Professor Jorge Trevino from Tohoku University visited the CAS Key Laboratory of Speech Acoustics and Content Understanding in IOA on August 9, invited by Professor LI Junfeng from IOA. Jorge gave an academic lecture about his research area, entitled “Spatial sound recording, analysis and reproduction” during his visit.
In Jorge’s lecture, he introduced his research background first. There was a strong push towards the ultra-realistic presentation of multimedia contents made possible by the latest advances in computational and signal processing technologies. Three-dimensional sound presentation was necessary to convey a natural and rich multimedia experience. Promising ways to achieve this included the sound field reproduction technique known as high-order Ambisonics. While these advanced methods were within the capabilities of consumer-level processing systems, their adoption was hindered by the lack of contents. Production and coding of the audio components in multimedia focused on traditional formats, such as stereophonic sound. Mainstream audio codecs and media such as CDs or DVDs did not support advanced, rich contents such as high-order Ambisonics encodings.
In the following, Jorge put forward a novel way to downmix high-order Ambisonics contents into a conventional stereo signal, to ameliorate this problem and speed up the adoption of spatial sound technologies.

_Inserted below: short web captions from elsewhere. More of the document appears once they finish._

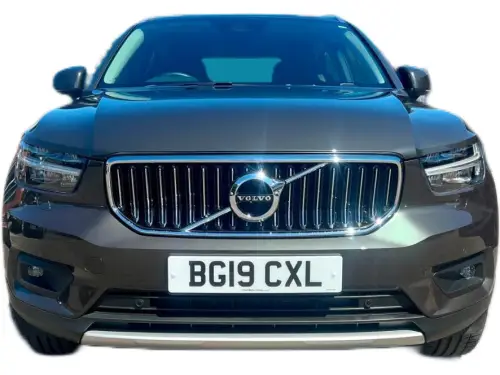 Volvo XC40 BG19 CXL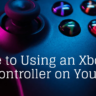 Guide to Using an Xbox 360 Controller on Your PC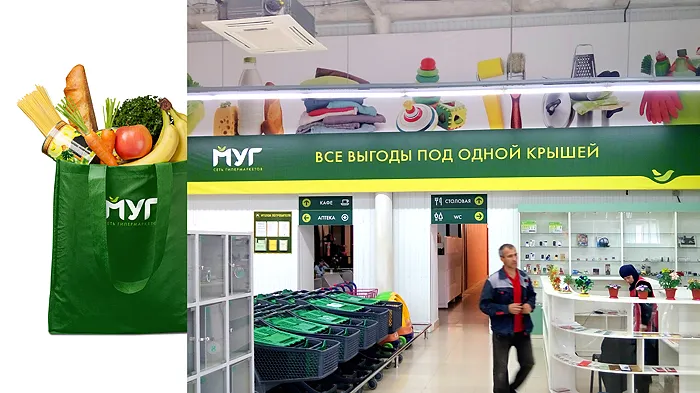 МУГ — кейс брендингового агентства CORUNA BRANDING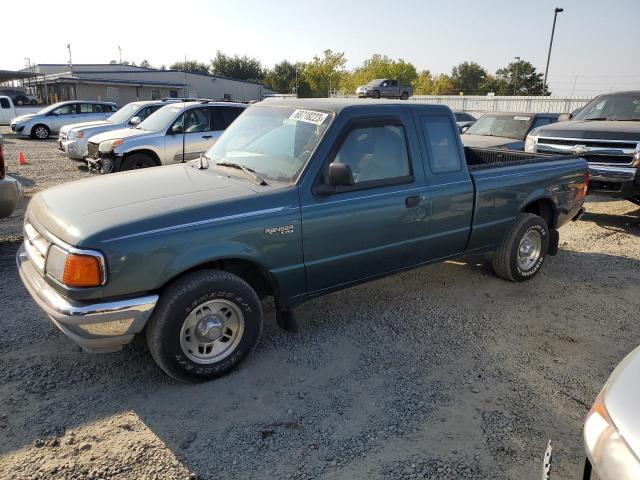 1996 Ford Ranger 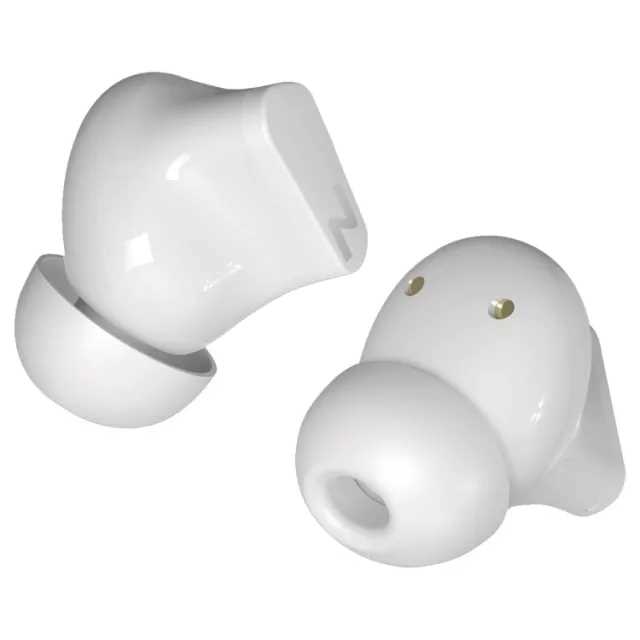 AURICULAR BT NOGANET BTWINS 26 BLANCO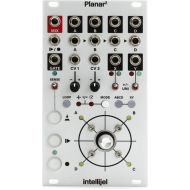 Intellijel Planar II Vector Joystick / Quad Panner Eurorack Module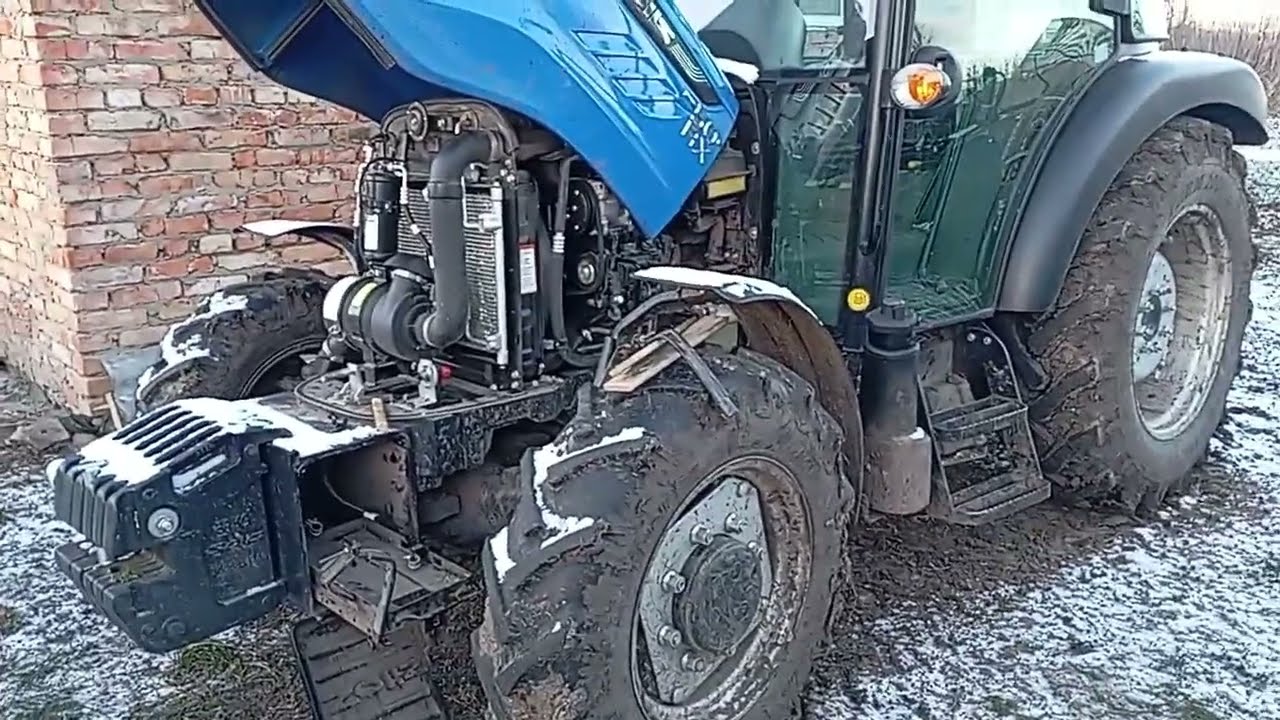 Прийшов мороз і знов проблеми 🤖🔧🔩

And the resulting data could be distributed using conventional methods such as audio CDs or as the audio component of an internet video stream. The results were fully compatible with conventional stereo and could be listened by users with legacy reproduction systems. However, they included spatial information encoded as the inter-channel level and phase differences. The proposed method consisted on a downmixing filterbank which independently modulated inter-channel differences at each frequency bin. The proposal was evaluated using simple test signals and found to outperform conventional methods such as matrix-encoded surround and the Ambisonics UHJ format in terms of spatial resolution.
Jorge’s lecture was well received by attendees and some of the research methods were discussed after the lecture.
(Source: The CAS Key Laboratory of Speech Acoustics and Content Understanding)